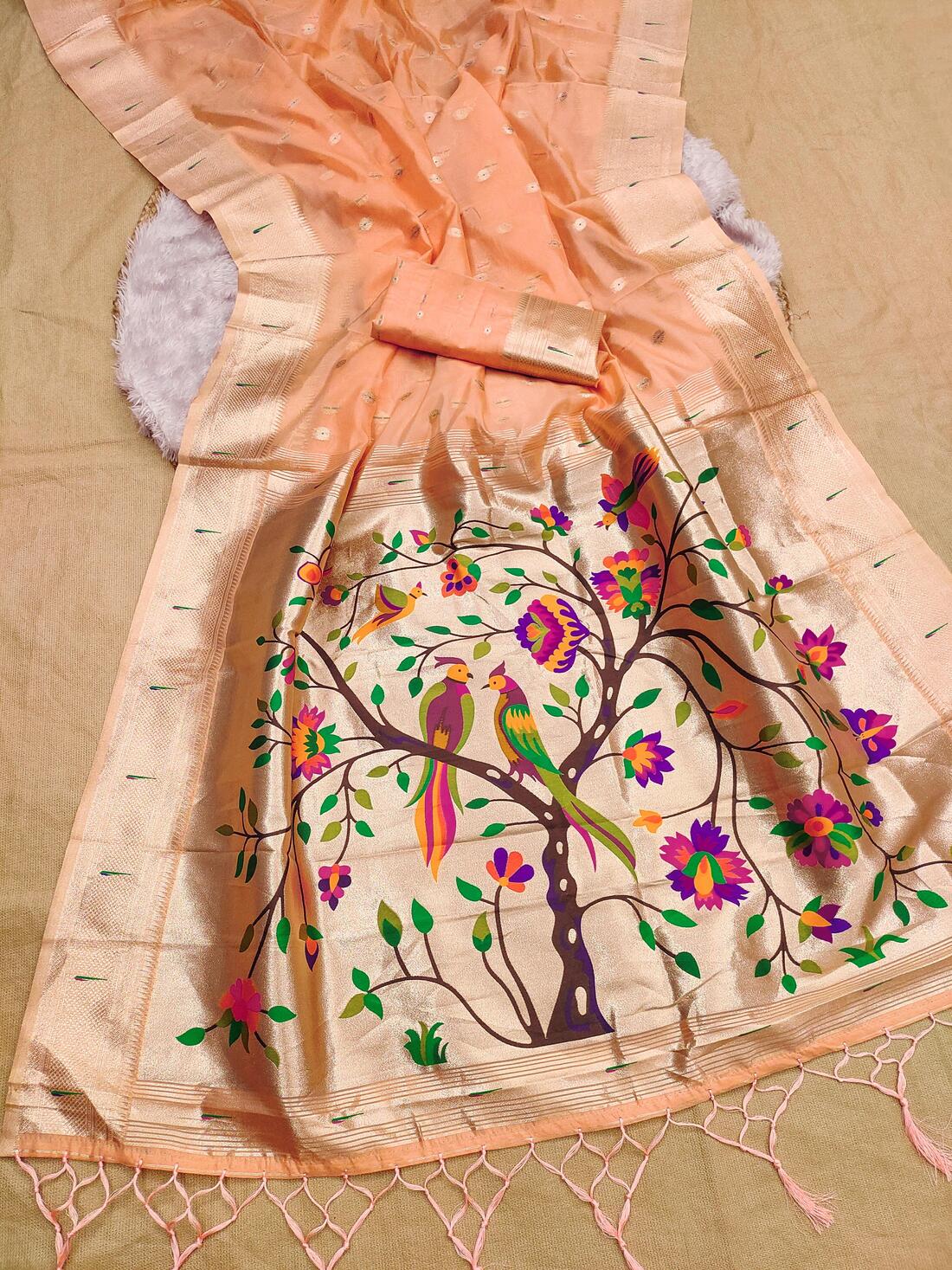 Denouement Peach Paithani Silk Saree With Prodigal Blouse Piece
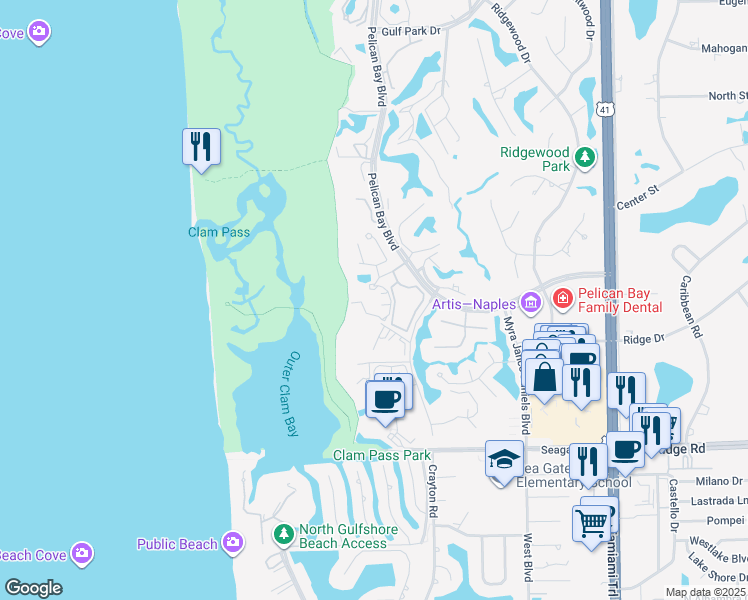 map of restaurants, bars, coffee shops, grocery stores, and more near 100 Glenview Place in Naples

————

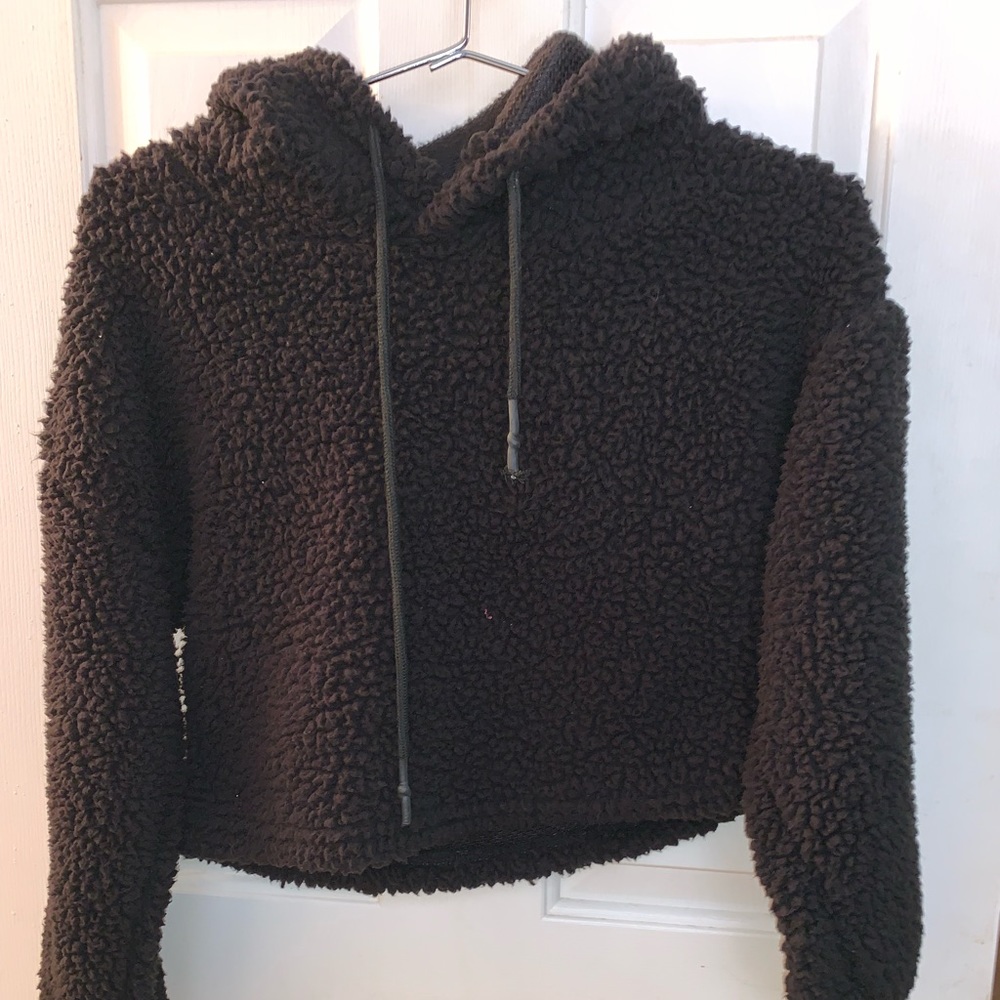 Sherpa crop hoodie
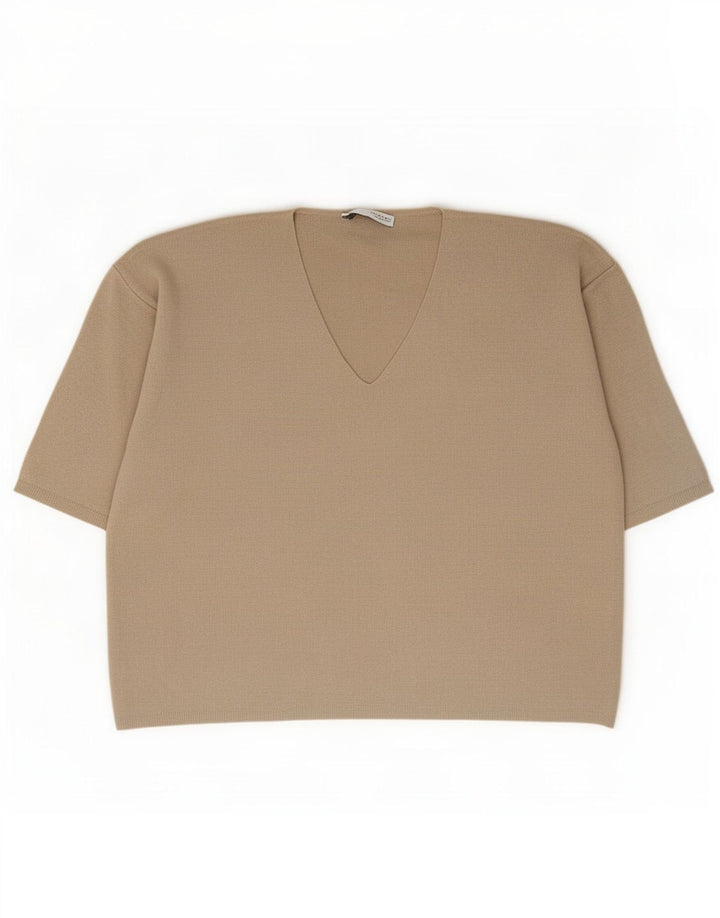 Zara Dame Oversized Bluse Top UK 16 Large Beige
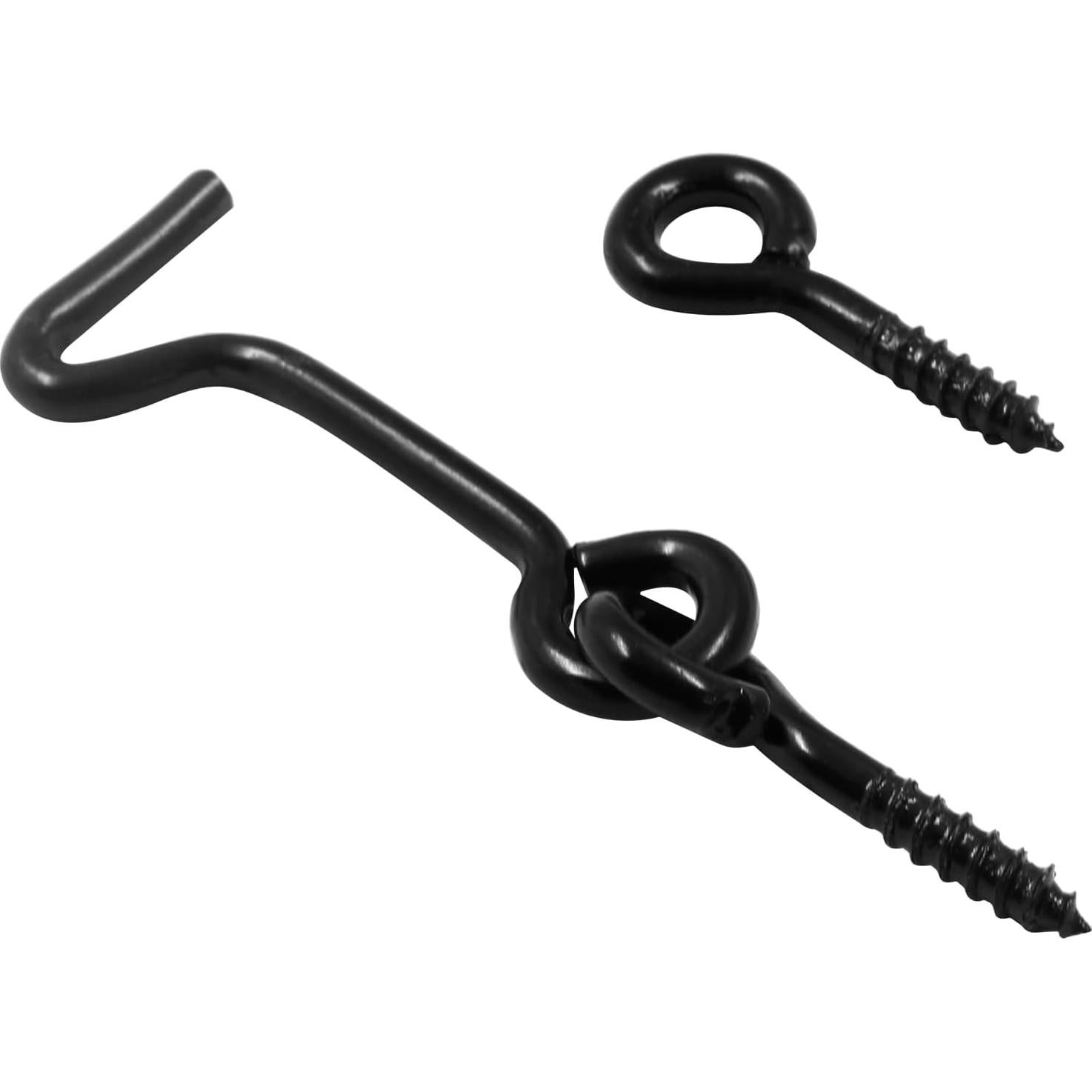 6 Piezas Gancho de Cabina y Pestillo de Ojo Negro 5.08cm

————

§ Requirement
Taking the entries above, copy word for word the lines from the one with "Sherpa crop hoodie" up to and including the one with "6 Piezas Gancho", without any picture.

§ Solution
 Sherpa crop hoodie
 Zara Dame Oversized Bluse Top UK 16 Large Beige
 6 Piezas Gancho de Cabina y Pestillo de Ojo Negro 5.08cm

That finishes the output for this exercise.